My next collection of short stories, Punch Lines (Potential Books, 2022), is among other things an examination of various meanings and uses of comedy punch lines in our lives from the hilarious finish to the painful heartbreak or the political message. Punch Lines’ catchphrase is the thin line separating jokes and tears. My anthology is made up of examples of short stories that successfully balance that tightrope between jokes and tears. Punch Lines will be out later this year. Neither Mr. Gibbs nor I could resist an April 1st joke.
A writer once told me that most people believed the ‘The Overcoat’ was about nothing. Really? A story about poverty, of our dreams of escaping our economic situations, and the sad but somehow comforting ending? How could someone be so arrogant, and certain, to sweep away ‘The Overcoat’? I’ve never spoken to that writer since.
Another Gogol anecdote. During the summers that I was a student I worked for the city of Toronto cleaning subway cars. The job was eight hours a day but there was really only work for four hours. The rest of the time I spent reading. One day this co-worker who I’d never met before, saw me reading a collection of Gogol short stories and said, “Gogol. A great Ukrainian writer.”
“Isn’t he Russian?” I asked.
“He was born in Ukraine.” He got up close to my face. “What’s your last name?”
“Popowich. A pure Ukraine name. Not Popovich? Popowich?”
For the rest of the summer he would come by every day to see me and tell me about my last name. About Gogol. About Ukraine. Like many Canadians whose families came from elsewhere, our Ukrainian roots were forgotten by the time I was born. Except, of course, what our last names spoke of our pasts. I’ve thought about that man often since late 2021, his passion for Gogol, and especially his Ukrainian pride.
First published in Russian in 1842. First translated, as ‘The Cloak’, by Isabel Hapgood in St. John’s Eve, and Other Stories, Crowell, 1886. This translation available in Diary of a Madman, The Government Inspector & Selected Stories, Penguin Classics, 2005
Melville’s syntax has always baffled me. And for the first few pages of ‘Bartleby’ I’m always telling myself off for ever recommending this story. Then the sentences arrange themselves into focus. The characters Turkey, Nippers, and Ginger Nut arrive on the scene. And I wish, hope, that this time Bartleby is going to make it through.
A few errant thoughts — should we read Bartleby’s line “I would prefer not to” as a catchphrase? Or that ‘Bartleby’ is possibly Melville’s attempt at breaking into TV with a pilot about dysfunctional law clerks?
First published in Putnam’s Magazine, November-December 1853, and collected in The Piazza Tales, Dix & Edwards, 1856. Now widely available, including in Billy Budd, Bartleby, and Other Stories, Penguin Classics. Available online at Project Gutenberg
Chris Morris’s radio series Blue Jam had a life-changing effect on my writing and my understanding of comedy. At some point I was working in an office building, high up on the twenty-seventh floor, with the blinds closed at all times. This was because of sound fears that people might have been spying on us from the hotels across the street. Sadly, the day-to-day routine of the job took away the romance of spying and bribes and classified documents.

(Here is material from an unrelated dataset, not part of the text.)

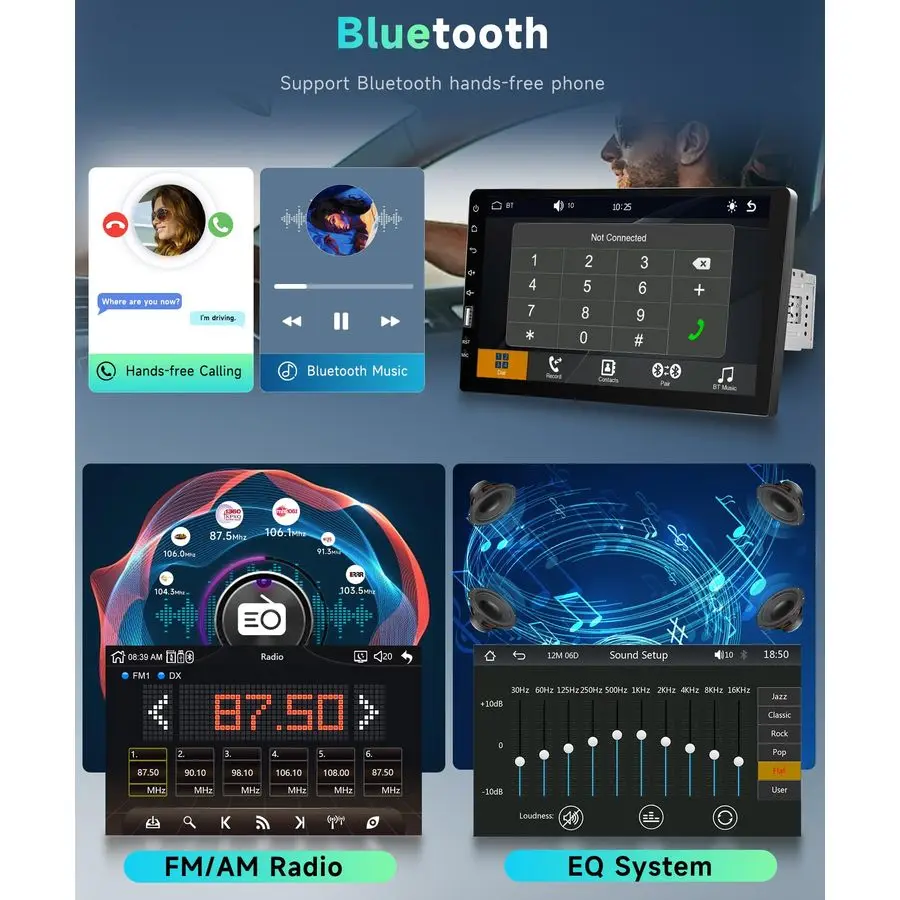 ستيريو سيارة فردي Din مع Carplay Android Auto، 9 بوصة 1024x600 HD IPS شاشة تعمل باللمس بلوتوث FM AM راديو مرآة Link SWC، Car Audi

One winter day a co-worker handed me the entire radio series of Blue Jam. The twisted humour was a perfect soundtrack for that job. But the most impressive part of Blue Jam was that the jokes weren’t chasing laughs. These were jokes that upended the listener emotionally. From our fears of being bad parents, of trying to cope with terrible doctors, of losing our child, and in the case of ‘My Wrongs’ of coping with depression. Morris captures depression with the many close-ups of Paddy Considine and Rothko the Doberman Pinscher and frenetic editing. In ‘My Wrongs’ we’re trapped in a sustained moment of disintegration without that moment ever being cheated by a false laugh.

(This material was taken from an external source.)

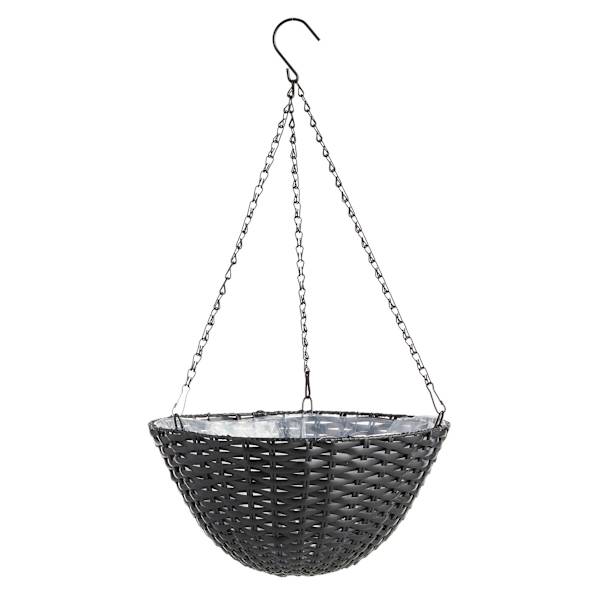 Black Faux Woven Hanging Basket, Large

Warp Films, November, 2002; available to watch online here
Neddy Merrill decides one lazy fine Sunday to swim back to his home through all the swimming pools in the county. A funny idea. Almost a gimmick. But as Neddy gets home, summer has passed, the leaves have fallen, and Neddy’s confidence and youthfulness are gone and the gimmick has worn away. In darkness, he reaches his completely empty and abandoned house. That’s always what I remember first about ‘The Swimmer’. The darkness. As I’m reading it again, I get the sense of what is happening to Neddy, but I know I’ll lose the story’s meaning again. I can’t explain why. The story of Neddy Merrill’s emotional and financial downfall makes sense but the story slips away for me every time.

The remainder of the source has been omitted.